Bloomberg.- European stocks started 2018 in the red, failing to capitalize on a positive Asian session as the strength of the region’s common currency weighed on exporters. The dollar weakened against all G-10 peers and Treasuries fell.
The Stoxx Europe 600 Index dropped, with automakers leading the decline as most industry sectors headed lower. In Asia, the MSCI Asia Pacific Index climbed to a record, though markets in Tokyo remain closed until Thursday for Japanese holidays. Chinese equities led gains as property shares soared and a gauge of the nation’s manufacturing strength beat expectations. U.S. stock futures pointed to a higher open.
European bonds dropped and the euro strengthened to near a three-year high against the dollar as the region’s manufacturing activity expanded in line with estimates in December.
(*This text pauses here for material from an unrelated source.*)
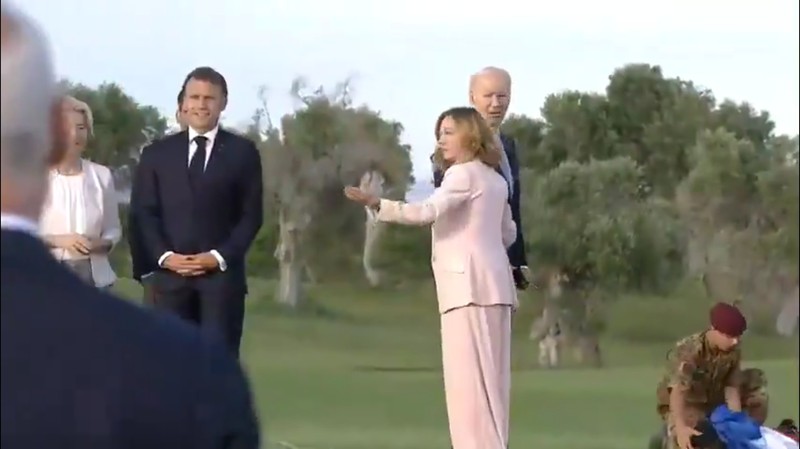 Dari kanan, Presiden AS Joe Biden, Presiden Prancis Emmanuel Macron, Presiden Komisi Eropa Ursula von der Leyen, Perdana Menteri Kanada Justin Trudeau, Perdana Menteri Jepang Fumio Kishida, Kanselir Jerman Olaf Scholz, Perdana Menteri Inggris Rishi Sunak, Perdana Menteri Italia Giorgia Meloni dan Presiden Dewan Eropa Charles Michel menonton demo terjun payung saat KTT para pemimpin dunia G7 di Borgo Egnazia, Italia, Kamis, 13 Juni 2024. Dari kanan, Presiden AS Joe Biden, Presiden Prancis Emmanuel Macron, Presiden Komisi Eropa Ursula von der Leyen, Perdana Menteri Kanada Justin Trudeau, Perdana Menteri Jepang Fumio Kishida, Kanselir Jerman Olaf Scholz, Perdana Menteri Inggris Rishi Sunak, Perdana Menteri Italia Giorgia Meloni dan Presiden Dewan Eropa Charles Michel menonton demo terjun payung saat KTT para pemimpin dunia G7 di Borgo Egnazia, Italia, Kamis, 13 Juni 2024. Para pemimpin Kelompok Tujuh negara-negara industri terkemuka mengalihkan perhatian mereka pada migrasi pada hari kedua KTT mereka Jumat. (AP Photo/Domenico Stinellis, File)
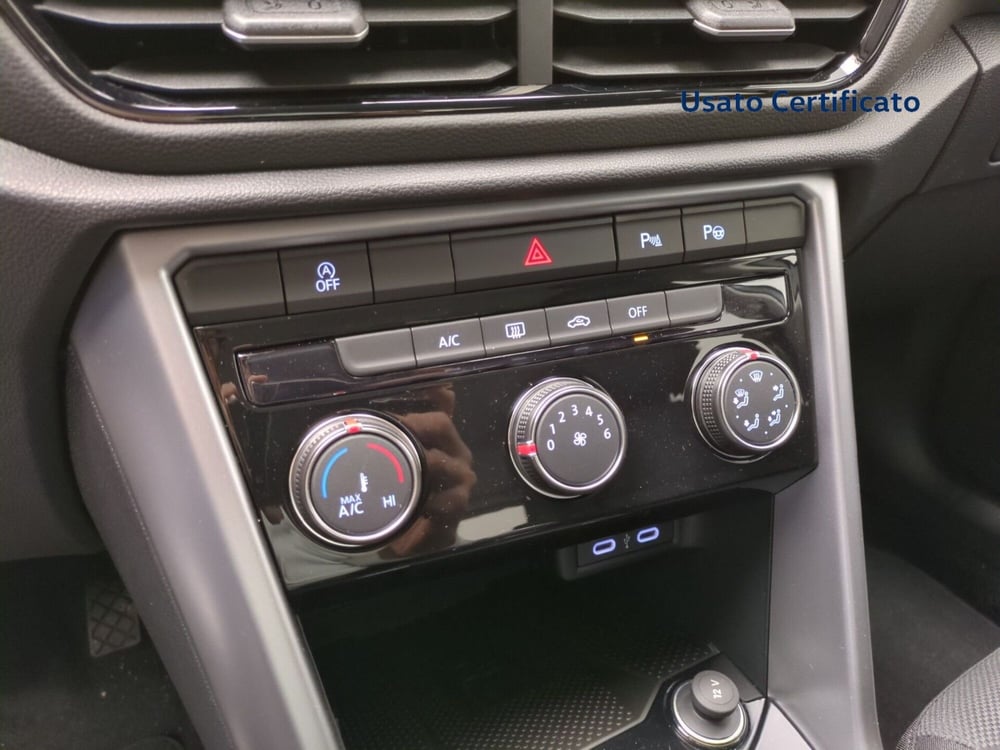 Volkswagen T-Roc nuova a Avellino (19)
The Bloomberg Dollar Index hit a three-month low, helping propel gold to the highest since September. West Texas oil fluctuated as Iran said protests in the country will fade in days. Bitcoin steadied after Monday’s losses.
Investors begin 2018 on the heels of a winning year for equities and a losing one for the greenback. Global stocks last year posted their best performance since 2009, fueled by a synchronous expansion and a go-slow approach toward monetary-stimulus withdrawal in major economies.